Penolakan ini diformalkan dalam deklarasi bersama yang ditandatangani oleh Asosiasi Pedagang Kaki Lima Indonesia (APKLI), Komunitas Warteg Nusantara (Kowantara), Warteg Merah Putih (Kowarmart), Asosiasi Pedagang Warteg, dan Pandawakarta, sebuah kelompok yang mewakili pedagang kaki lima di Jakarta dan sekitarnya.
Mereka berargumen bahwa beberapa pasal dalam rancangan peraturan itu akan langsung mempengaruhi keberlangsungan usaha skala kecil yang selama ini menopang perekonomian lokal.
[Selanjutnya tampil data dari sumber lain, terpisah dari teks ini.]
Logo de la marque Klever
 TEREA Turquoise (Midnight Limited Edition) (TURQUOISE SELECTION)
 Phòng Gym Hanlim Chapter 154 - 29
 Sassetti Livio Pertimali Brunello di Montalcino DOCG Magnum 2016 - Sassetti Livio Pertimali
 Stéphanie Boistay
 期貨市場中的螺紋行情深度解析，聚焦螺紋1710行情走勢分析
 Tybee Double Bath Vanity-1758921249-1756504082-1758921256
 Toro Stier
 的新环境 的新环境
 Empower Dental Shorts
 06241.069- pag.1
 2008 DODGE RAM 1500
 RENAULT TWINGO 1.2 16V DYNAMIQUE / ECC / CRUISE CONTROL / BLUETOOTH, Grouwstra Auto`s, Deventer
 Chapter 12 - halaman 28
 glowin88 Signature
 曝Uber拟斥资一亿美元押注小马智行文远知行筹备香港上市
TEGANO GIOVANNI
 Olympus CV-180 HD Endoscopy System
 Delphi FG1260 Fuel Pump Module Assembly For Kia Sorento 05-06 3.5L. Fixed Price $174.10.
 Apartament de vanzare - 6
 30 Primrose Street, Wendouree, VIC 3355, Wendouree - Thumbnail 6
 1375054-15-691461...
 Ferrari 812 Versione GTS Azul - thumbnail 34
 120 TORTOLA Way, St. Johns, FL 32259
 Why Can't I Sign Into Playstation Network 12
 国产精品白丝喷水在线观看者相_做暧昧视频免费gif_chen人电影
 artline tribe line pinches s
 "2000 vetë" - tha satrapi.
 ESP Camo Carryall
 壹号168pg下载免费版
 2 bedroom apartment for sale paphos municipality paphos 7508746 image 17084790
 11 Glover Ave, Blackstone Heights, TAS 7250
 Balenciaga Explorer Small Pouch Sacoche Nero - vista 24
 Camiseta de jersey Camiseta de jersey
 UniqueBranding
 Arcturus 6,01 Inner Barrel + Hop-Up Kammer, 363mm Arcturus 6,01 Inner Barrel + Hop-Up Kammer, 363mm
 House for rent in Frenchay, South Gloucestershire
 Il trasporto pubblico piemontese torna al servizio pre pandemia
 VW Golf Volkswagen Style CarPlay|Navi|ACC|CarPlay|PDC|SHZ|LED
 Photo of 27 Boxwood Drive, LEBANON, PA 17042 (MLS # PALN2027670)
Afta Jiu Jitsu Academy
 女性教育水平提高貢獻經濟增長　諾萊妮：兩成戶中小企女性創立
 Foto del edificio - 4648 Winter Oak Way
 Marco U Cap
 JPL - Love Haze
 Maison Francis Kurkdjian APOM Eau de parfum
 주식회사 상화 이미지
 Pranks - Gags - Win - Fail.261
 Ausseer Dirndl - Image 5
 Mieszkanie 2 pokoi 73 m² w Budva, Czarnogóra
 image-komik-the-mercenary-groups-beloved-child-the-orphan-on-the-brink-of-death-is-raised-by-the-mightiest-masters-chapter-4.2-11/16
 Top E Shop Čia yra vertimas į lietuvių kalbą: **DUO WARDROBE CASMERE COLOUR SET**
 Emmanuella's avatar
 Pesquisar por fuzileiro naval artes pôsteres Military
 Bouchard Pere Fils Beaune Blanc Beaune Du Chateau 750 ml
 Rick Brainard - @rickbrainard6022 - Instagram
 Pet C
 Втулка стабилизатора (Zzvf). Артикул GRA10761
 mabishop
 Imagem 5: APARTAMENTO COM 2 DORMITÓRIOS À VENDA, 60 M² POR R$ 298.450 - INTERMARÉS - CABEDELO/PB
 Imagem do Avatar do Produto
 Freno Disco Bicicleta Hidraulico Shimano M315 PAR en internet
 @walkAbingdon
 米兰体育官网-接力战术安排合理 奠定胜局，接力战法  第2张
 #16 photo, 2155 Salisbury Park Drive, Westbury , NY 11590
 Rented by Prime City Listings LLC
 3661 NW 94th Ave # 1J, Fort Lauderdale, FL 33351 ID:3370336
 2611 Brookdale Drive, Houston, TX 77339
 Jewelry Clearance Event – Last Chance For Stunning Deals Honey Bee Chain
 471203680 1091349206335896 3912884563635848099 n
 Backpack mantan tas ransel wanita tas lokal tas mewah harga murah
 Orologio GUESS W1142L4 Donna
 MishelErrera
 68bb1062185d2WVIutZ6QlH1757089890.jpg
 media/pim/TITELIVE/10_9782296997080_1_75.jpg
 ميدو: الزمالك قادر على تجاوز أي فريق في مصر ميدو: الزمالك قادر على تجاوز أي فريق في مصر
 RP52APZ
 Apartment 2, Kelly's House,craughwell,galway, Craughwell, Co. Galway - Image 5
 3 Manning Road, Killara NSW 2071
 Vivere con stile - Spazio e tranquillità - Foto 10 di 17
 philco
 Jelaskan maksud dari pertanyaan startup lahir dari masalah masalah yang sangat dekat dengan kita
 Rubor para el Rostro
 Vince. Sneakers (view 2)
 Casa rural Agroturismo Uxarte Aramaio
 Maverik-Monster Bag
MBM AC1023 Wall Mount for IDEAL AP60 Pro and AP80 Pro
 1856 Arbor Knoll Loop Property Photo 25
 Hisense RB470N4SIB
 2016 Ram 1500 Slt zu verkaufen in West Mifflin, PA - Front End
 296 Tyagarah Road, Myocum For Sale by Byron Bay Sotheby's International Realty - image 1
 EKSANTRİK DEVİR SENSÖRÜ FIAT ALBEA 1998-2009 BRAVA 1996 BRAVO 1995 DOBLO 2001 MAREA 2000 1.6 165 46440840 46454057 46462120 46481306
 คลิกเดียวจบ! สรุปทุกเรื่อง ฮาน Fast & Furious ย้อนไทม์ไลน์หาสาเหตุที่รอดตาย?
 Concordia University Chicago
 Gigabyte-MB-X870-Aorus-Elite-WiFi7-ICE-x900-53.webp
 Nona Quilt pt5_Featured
Ketua APKLI Ali Mahsun menekankan bahwa ketentuan yang melarang penjualan rokok dalam radius 200 meter dari sekolah dan taman bermain, memperluas kawasan tanpa rokok ke pasar tradisional dan modern, melarang penjualan rokok eceran, serta mewajibkan izin khusus akan mengikis penghasilan para pedagang.
Dia mengingatkan Gubernur Jakarta Pramono Anung untuk menepati janji perlindungannya dengan memastikan kebijakan yang memberikan ruang, akses, dan peluang bagi usaha kecil untuk berkembang.
Para pedagang juga menyerukan kepada Presiden Prabowo Subianto untuk memastikan kebijakan daerah tetap selaras dengan komitmen pemerintah pusat dalam memberdayakan ekonomi akar rumput.
“Kami berharap Presiden menjamin bahwa peraturan daerah tidak akan bertentangan dengan visi nasional yang memprioritaskan pengusaha kecil,” kata Ali.
Ketua Kowantara Mukroni menambahkan bahwa pelarangan merokok di warung makan lokal seperti warteg akan membawa konsekuensi ekonomi yang signifikan.
Dia memperingatkan bahwa penurunan pendapatan tidak dapat dihindari jika pasal-pasal tersebut diberlakukan.
Data internal Kowantara menunjukkan bahwa sekitar 25.000 warteg di Jabodetabek tutup setelah pandemi COVID-19, hampir setengah dari 50.000 warteg yang pernah beroperasi di Jakarta, Bogor, Depok, Tangerang, dan Bekasi.
Kelompok ini memperingatkan bahwa situasi akan memburuk jika rancangan peraturan itu disahkan tanpa mempertimbangkan dampaknya pada pemilik usaha kecil.